▶ _INSTRUCTIONS TO FOLLOW_
The reply to the records below should contain exactly the lines from the line with "poosenniol 24PCS Jesus" through the line with "Authenticated Chanel Mini", and nothing besides.

▶ _SOURCE DATA_
BEGIN
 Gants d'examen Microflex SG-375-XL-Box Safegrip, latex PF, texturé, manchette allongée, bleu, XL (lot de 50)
END
BEGIN
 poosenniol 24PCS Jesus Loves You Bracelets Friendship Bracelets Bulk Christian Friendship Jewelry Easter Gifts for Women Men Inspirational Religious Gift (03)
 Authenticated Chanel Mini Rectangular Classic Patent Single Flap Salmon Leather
END
▶ _EXPECTED OUTPUT_
 poosenniol 24PCS Jesus Loves You Bracelets Friendship Bracelets Bulk Christian Friendship Jewelry Easter Gifts for Women Men Inspirational Religious Gift (03)
 Authenticated Chanel Mini Rectangular Classic Patent Single Flap Salmon Leather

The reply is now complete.